May 21, 2024, Tuesday
Nepal 1:37:26 pm

Nepal Human Rights Year Book 2023 launched

The Nepal Weekly
February 28, 2023

Speaker of the House of Representatives, Devraj Ghimire had released the Nepal Human Rights Year Book 2023 published by Informal Sector Service Center (INSEC) amidst a function in Kathmandu last week. Addressing on the occasion he emphasized the need for the Government to complete the peace process initiated after the end of the decade-long civil war. He commented that the government has not prioritized the tasks of the Commission for Investigation of the Disappeared Persons and the Truth and Reconciliation Commission.

Ghimire said that the term of both the commissions will expire before they have completed their work and the process of extension is going on. However, the government has not formulated a concrete program by reestablishing the commissions as a concrete body to accommodate the peace process.

Before the recent extension of the terms, on 14 October 2022, the Council of Ministers led by the then Prime Minister Sher Bahadur Deuba had extended the term of the Truth and Reconciliation Commission, Disappearance Investigation Commission, and its officials by one year, 16 July 2021. The Speaker Criticised the government on the fact that although the term has been extended twice in a short period, both commissions are still without officials. He further mentioned that the parliament has yet to enact various laws, and untimely formulation of legal acts has burdened the judiciary.
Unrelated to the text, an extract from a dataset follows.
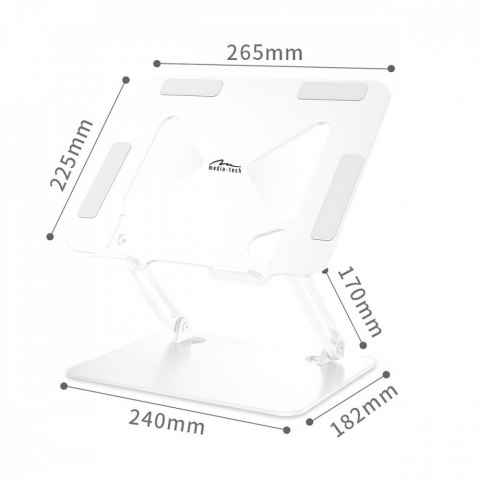 Media-Tech Podstawka pod laptopa, regulowana, ergonomiczna 10-17 cali LAPTOP STAND MT2661W (biała)
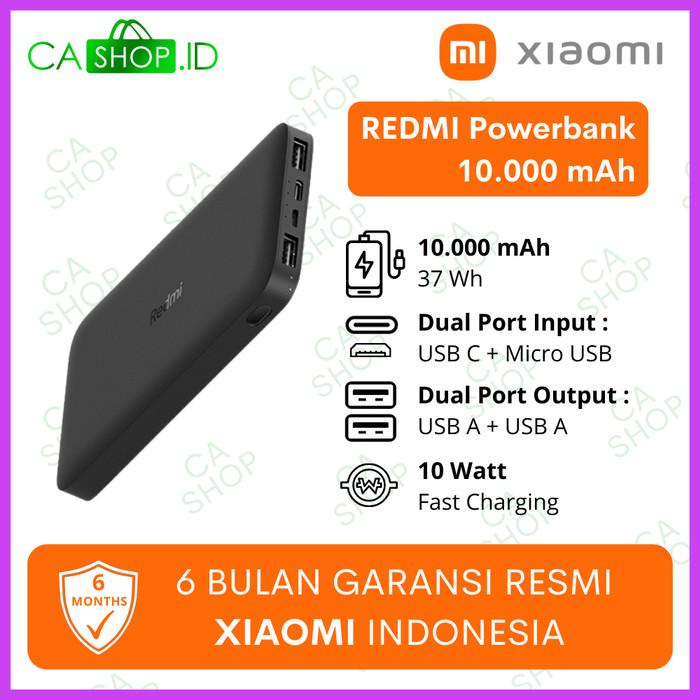 Powerbank Xiaomi Redmi Power Bank 10000Mah Port Ganda Ori 100% Grs Resmi Tam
INSEC Founding Chairperson, Sushil Pyakurel, expressed his concerns over the rising incidents regarding violence and killing of women and children by family members. He pointed out the need for the state’s accountability towards the cases documented in the Nepal Human Rights Year Book 2023.

At the ceremony, INSEC released the statistics that showed 7,376 victims of human rights violations and atrocities in 2022.

Norwegian Ambassador Torun Daramdal mentioned the need for cooperation of the government with civil society and the private sector for the protection and promotion of human rights and emphasized that there should be joint initiatives to end violence and achieve sustainable development goals.

Daramdal reviewed the significant cases of human rights violations and abuses. She shared that while analyzing the cases and statistics, a major factor for violence against women was the conservative thinking of society towards women. She pointed out the need for integrated efforts to reduce and end such cases of discrimination and violence.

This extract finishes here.